La "scossa" della Fca: investimenti in Italia per 5 miliardi in 3 anni (e arriva la 500 elettrica)

"Piena occupazione negli stabilimenti Fca in Italia". Lo prevede il piano industriale del "dopo Marchionne" e lo confermano i sindacati dopo la presentazione degli investimenti per il periodo 2019-2021. "Nuovi modelli e restyling degli esistenti"

Pietro Gorlier responsabile delle attività di Fca in Europa, Medio Oriente e Africa (Emea) durante la conferenza stampa al termine dell?incontro tra FCA e sindacati presso la palazzina Mirafiori, 29 novembre 2018 ANSA/ ALESSANDRO DI MARCO

Sarà prodotta a Mirafiori la nuova 500 elettrica, mentre la versione europea della Jeep Compass arriverà a Melfi. Due nuovi modelli approdano a Pomigliano: un suv compatto Alfa Romeo e una Fiat Panda ibrida . Lo hanno annunciato ai sindacati l'amministratore delegato di Fca, Mike Manley al timone del gruppo dopo l'addio a Sergio Marchionne. Con lui il responsabile Emea, Pietro Gorlier.

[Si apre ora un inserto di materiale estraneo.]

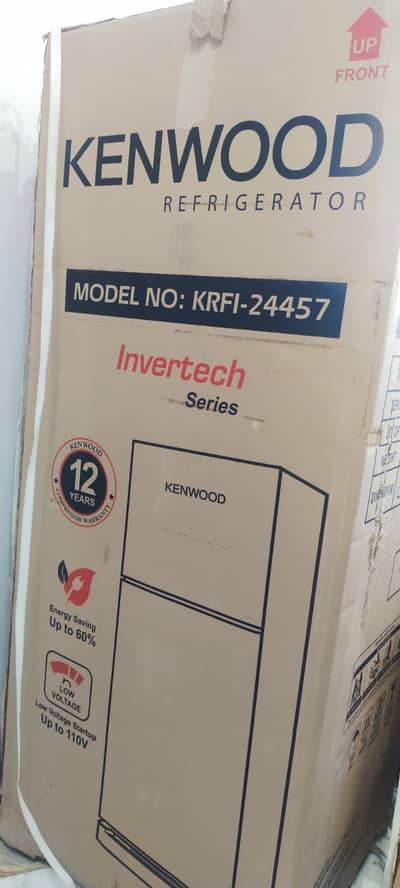 Unused refrigerator for sale. Kenwood. KRFI 24457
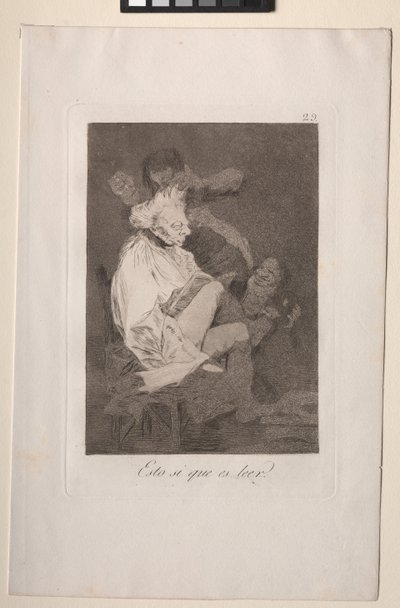 Caprichos: それは確かに読むことができることです 作： Francisco de Goya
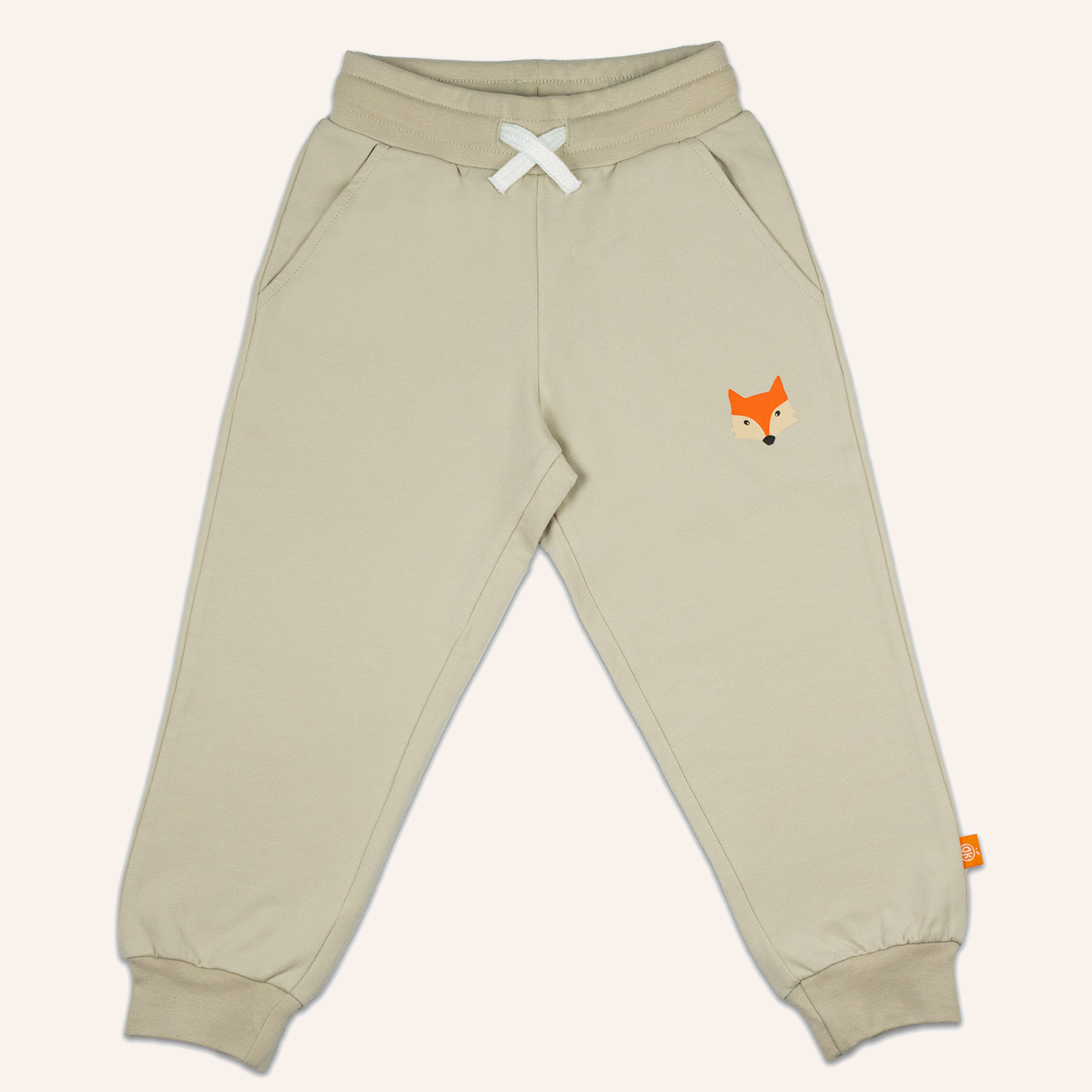 orangenkinder-fuchs-jogginghose-beige-baby-und-kleinkindhose-aus-baumwolle image 1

Il totale degli investimenti di Fca in Italia ammonterà a più di 5 miliardi di euro per il periodo 2019-2021. Il piano industriale 2019-2021 in Italia prevede il lancio di 13 nuovi modelli, incluso il restyling di modelli esistenti, nonché nuove motorizzazioni con l'impiego diffuso di tecnologia ibrida ed elettrica. 

Tra le anticipazioni Gorlier ha annunciato l'arrivo nello stabilimento di Cassino della produzione di una vettura con brand Maserati: "Un suv medio". Sempre lo stabilimento di Cassino si prepare il restyling di Giulia e Stelvio attraverso l'installazione di tecnologia plug ibrida.

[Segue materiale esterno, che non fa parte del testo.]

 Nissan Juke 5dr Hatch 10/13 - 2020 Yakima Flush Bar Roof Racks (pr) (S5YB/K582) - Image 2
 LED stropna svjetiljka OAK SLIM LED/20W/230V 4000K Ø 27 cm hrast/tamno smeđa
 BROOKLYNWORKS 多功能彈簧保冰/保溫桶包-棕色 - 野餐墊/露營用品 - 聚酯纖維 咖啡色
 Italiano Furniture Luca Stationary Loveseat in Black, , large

"Riteniamo che alla fine di questo piano ci sarà la piena occupabilità degli stabilimenti italiani di Fca". Così il leader della Uilm, Rocco Palombella al termine dell'incontro con i vertici del Gruppo. "Si tratta di un piano coraggioso, di sviluppo in un contesto difficile in cui, per esempio, l'industria automotive statunitense sta avviando delle significative riduzioni di personale".

"L'unico fattore problematico è legato ai tempi di industrializzazione dei nuovi modelli, che richiede come noto numerosi mesi e che in qualche caso ci porrà di fronte alla questione dell'approssimarsi della scadenza degli ammortizzatori sociali".

Fca non dice addio al Diesel

Ci siamo resi conto che il 2021-2022 per il diesel era una data un po' aggressiva rispetto alle dinamiche di mercato anche se è inevitabile che prima o poi accadrà quanto è stato annunciato a giugno a Balocco" Così il coo di Fca per Emea, Pietro Gorlier, a proposito della decisione di annullare l'uscita di Fca dal diesel nel 2022 come era stato previsto dal piano. "La riduzione dei volumi del diesel è inequivocabile. E' il mercato che la detta e noi non possiamo che produrre coerentemente con le richieste di mercato - ha aggiunto - ma ad oggi c'è una clientela che continua a richiedere il diesel, i veicoli commerciali e chi fa lunga percorrenza. Inoltre in questi anni le emissioni sono calate e nel 2020 ci troveremo con emissioni decisamente più passate rispetto al passato".